O sociólogo Daniel Miranda assim interpreta a questão: “Provavelmente, as pessoas que se abstém [não votam] avaliam que não fará diferença se o candidato ou o partido ‘x’ ou ‘y’ vencer. Se não faz diferença, então, por que ir votar?”.
“Além disso, quando as pessoas avaliam [corretamente ou não] que a eleição já está ‘decidida’, elas tendem a se abster mais também, pelo mesmo motivo: ‘Meu voto não fará diferença, não mudará nada, então, não vou’”, explicou Miranda.
Já para o sociólogo Paulo Cabral, “o eleitor se desencanta com a política. Na realidade, as pessoas necessitam de salvador da pátria e, depois, descobrem que não há salvador da pátria. A questão da corrupção também pesa [na abstenção]. Na eleição que passou, por exemplo, votaram no Bolsonaro [presidente] vendo nele o salvador da pátria. Depois surgiu o Moro [Sergio Moro, ex-juiz federal que chegou a ocupar a condição de pré-candidato à Presidência] como o paladino da moralidade. E não há paladino da moralidade. Vai surgindo a crise de representatividade, vai minando”, disse Cabral.
NOVO PLEITO
Cabral disse ainda que nas eleições presidenciais, em outubro, ao menos no primeiro turno, o índice de abstenção não deve crescer porque, em jogo, “está a sobrevivência da democracia”.
Outra questão, disse o professor, que pode dar uma freada na abstenção tem a ver com a polarização Lula versus Bolsonaro na disputa pela sucessão. Com a briga acirrada entre os pré-candidatos, segundo o sociólogo, mais eleitores devem votar.
E o voto nulo, aquele que o eleitor tecla número aleatório na urna, ou em branco, quando diz não votar em nenhum candidato, é a mesma coisa que não ir à votação?
O professor da Universidade Federal de Mato Grosso do Sul (UFMS) Daniel Miranda diz que depende.
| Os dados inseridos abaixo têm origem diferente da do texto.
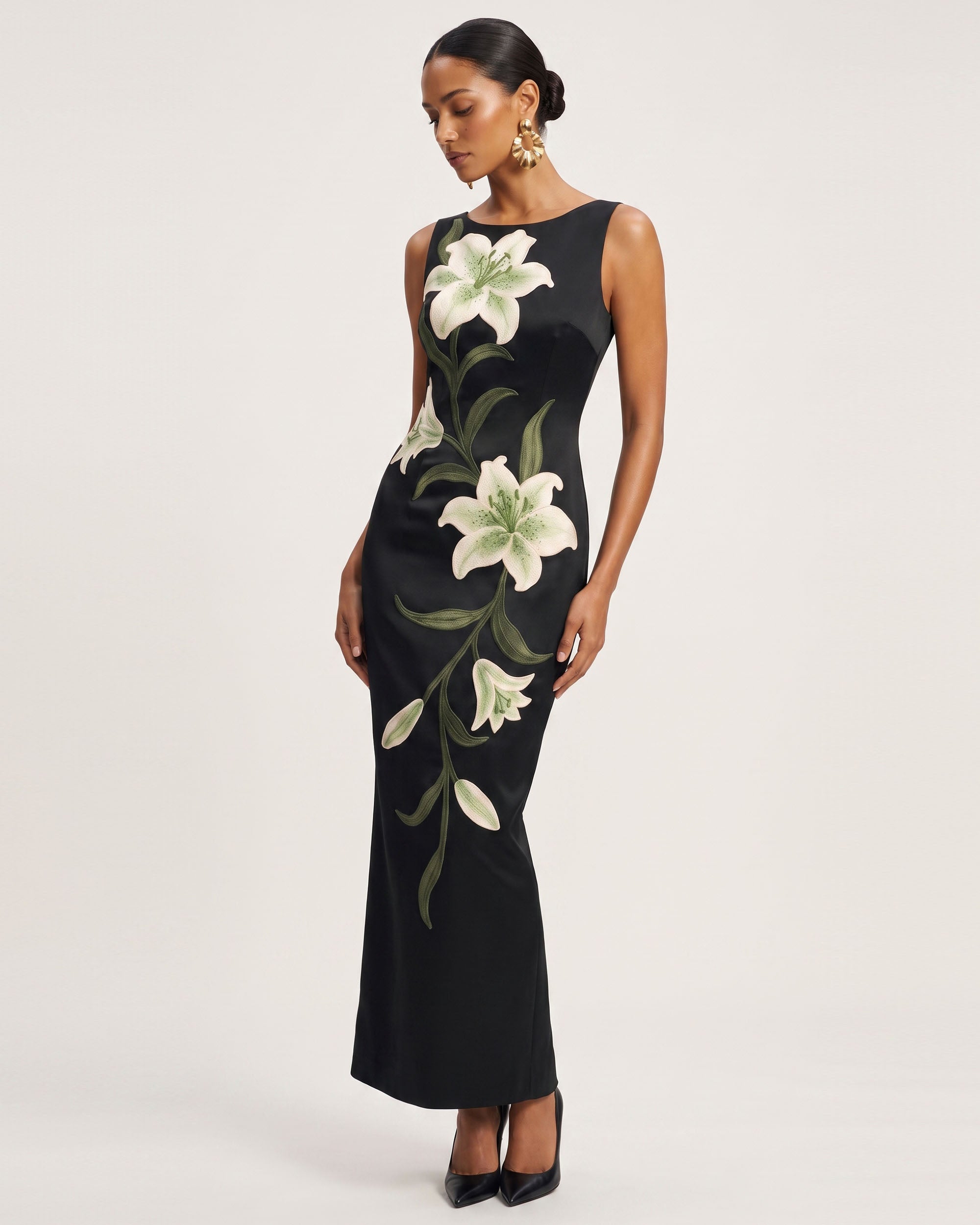 Lily Floral Print Sleeveless Column Maxi Dress - Black - Image 2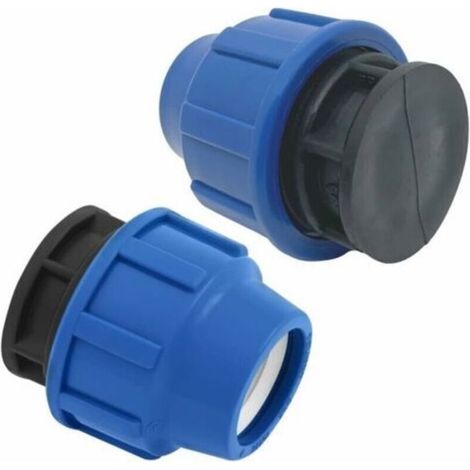 BelleRise - Raccords de tuyau d’eau-2 pièces – Bouchon 32 mm – Raccord de plomberie de compression PN16 - Stop de 25mm (1/4)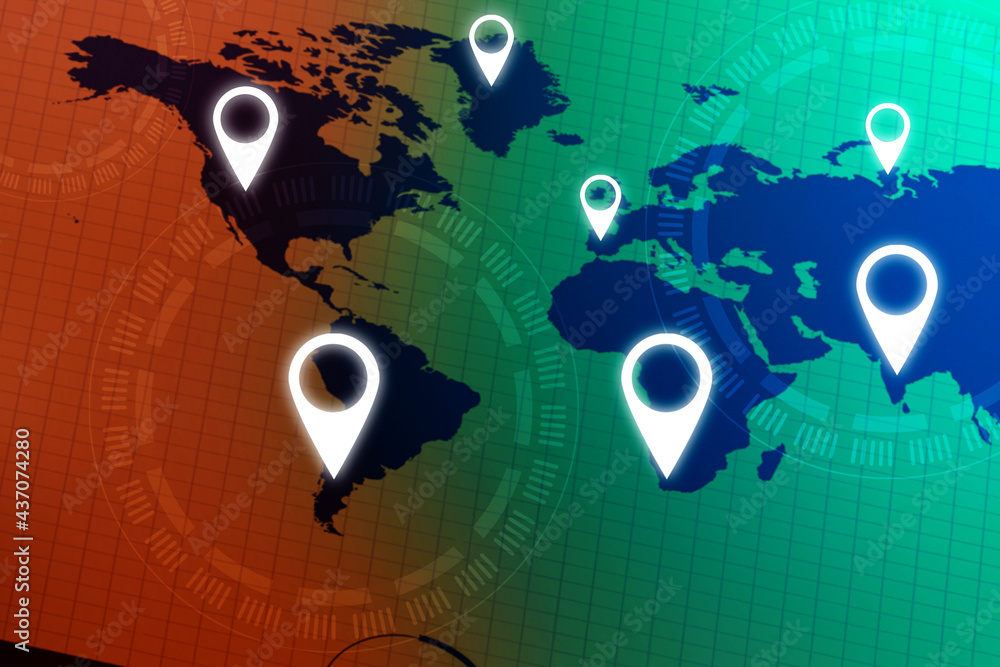 Poster 2d rendering red map pointer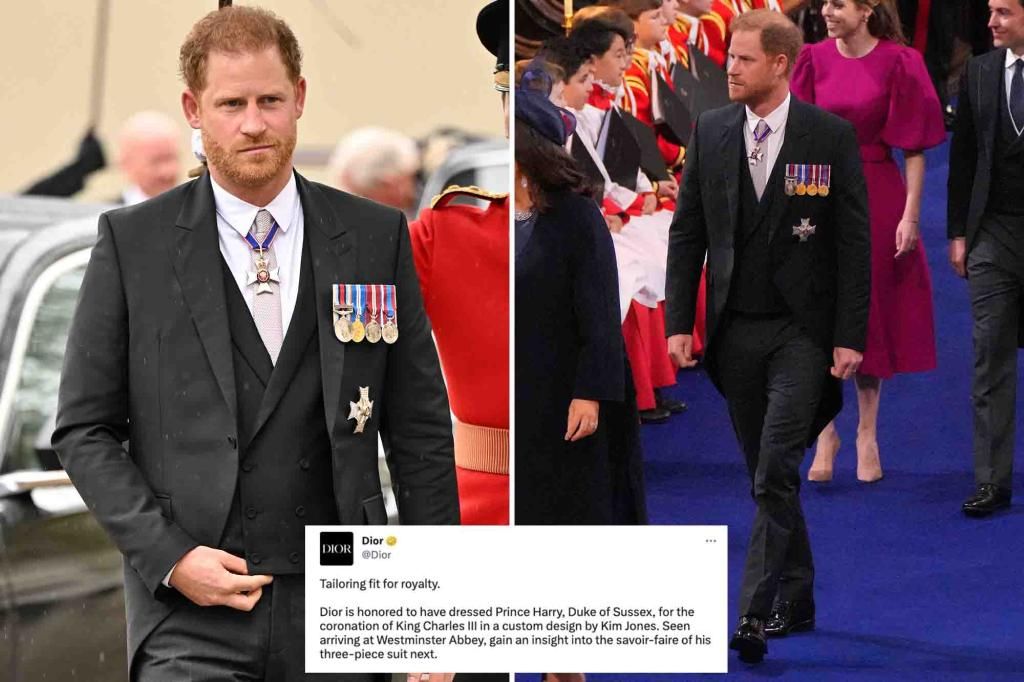 Prince Harry dons Dior suit to King Charles' coronation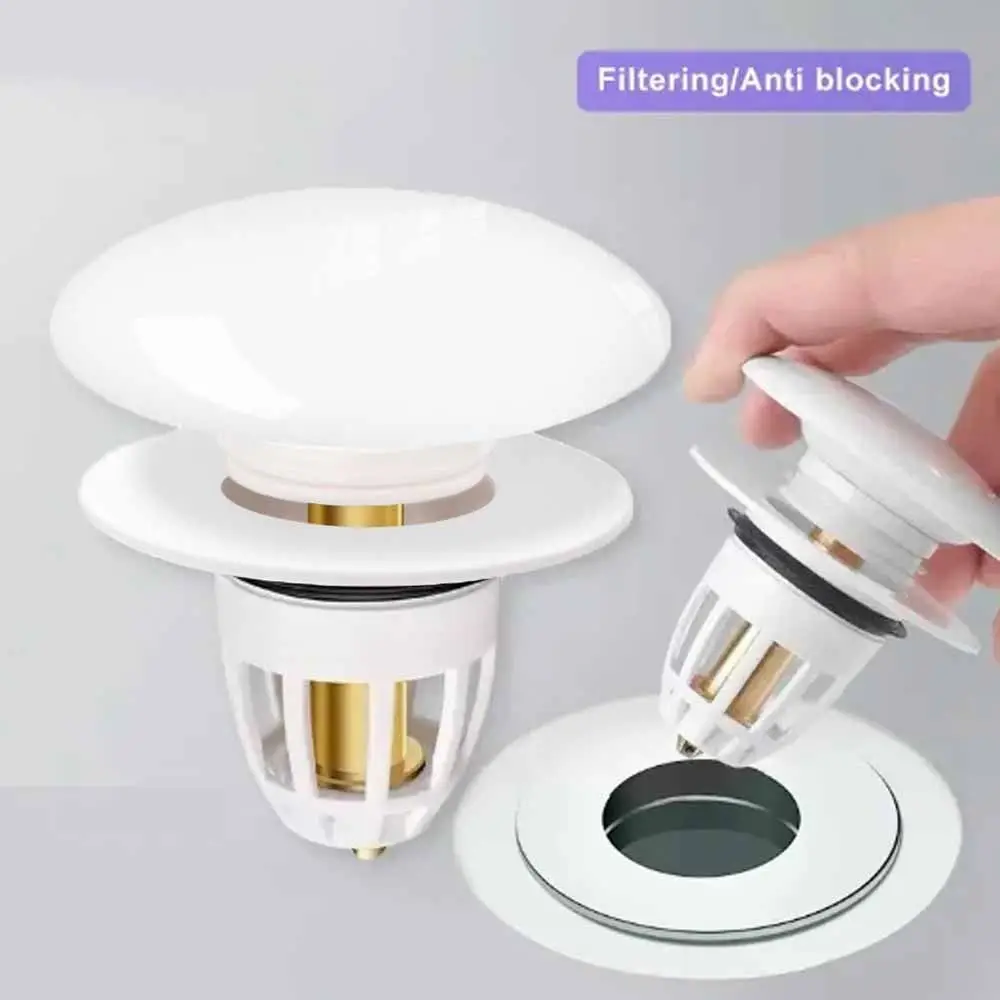 Universal Bathroom Sink Plug Stopper Washbasin Ceramics Core Bounce Up Drain Filter Bathroom Sink Drain Plug Anti-Clogging Anti-drain filter drain stopper basin drain stopper bathroom sink plug silicone drain stopper washbasin drain plug drain strainer bathroom sink stopper hair catcher stopper drain pipe plug
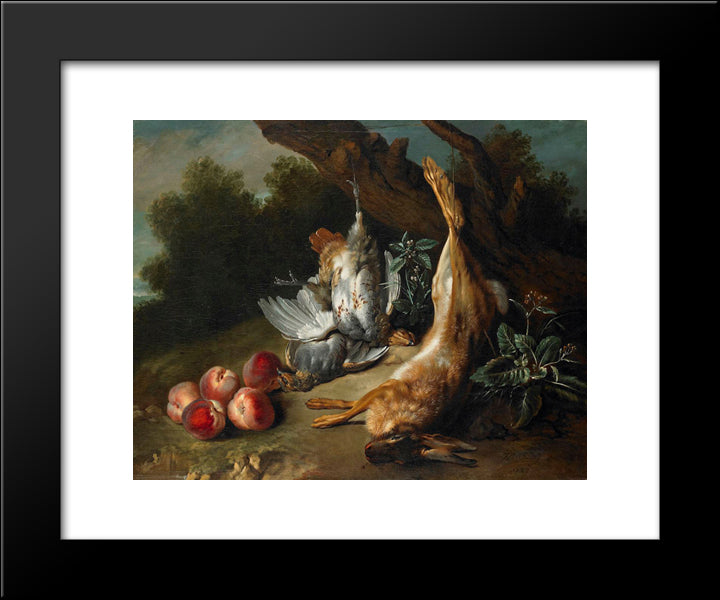 Still Life With Dead Game And Peaches In A Landscape 20x24 Black Modern Wood Framed Art Print Poster by Oudry, Jean Baptiste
“Ao que tudo indica, a abstenção não é necessariamente maior em dada faixa do eleitorado, ela tende a ocorrer no eleitorado como um todo, ou seja, afeta o eleitor potencial de todos os candidatos”.
“Há situações excepcionais nas quais a abstenção pode prejudicar certo candidato: houve uma eleição [São Paulo, em 2016] na qual o PSDB fez um apelo para as pessoas viajarem somente depois de votar [era um fim de semana prolongado e o medo do partido era de que seus eleitores de classe média e alta preferissem viajar a votar, o que poderia prejudicá-los]. Mas isso é exceção, não regra. A indiferença está mais ligada à abstenção”.
Ainda de acordo com a análise do sociólogo, se a pessoa vai e vota em branco é porque não foi indiferente o suficiente para ignorar as eleições.
“Ela se importou em ir e registrar seu descontentamento. Já nulo, em sua maioria, é erro. Então, são três situações diferentes, em geral”, finalizou o professor.
A reportagem do Correio do Estado quis saber a opinião de representantes de quatro dos principais partidos com pré-candidatos ao governo de MS para debater o assunto, contudo, até o fechamento desta edição, nenhum havia se manifestado.
SAIBA
O voto, pela legislação, é obrigatório em todo o País. Contudo, o eleitor é livre para não escolher candidato algum.
É, sim, obrigado a comparecer às urnas, mas pode optar por votar em branco ou anular o voto, se achar que não se identifica ou não simpatiza com os candidatos. E, caso se abstenha do pleito, precisa justificar o motivo à Justiça Eleitoral.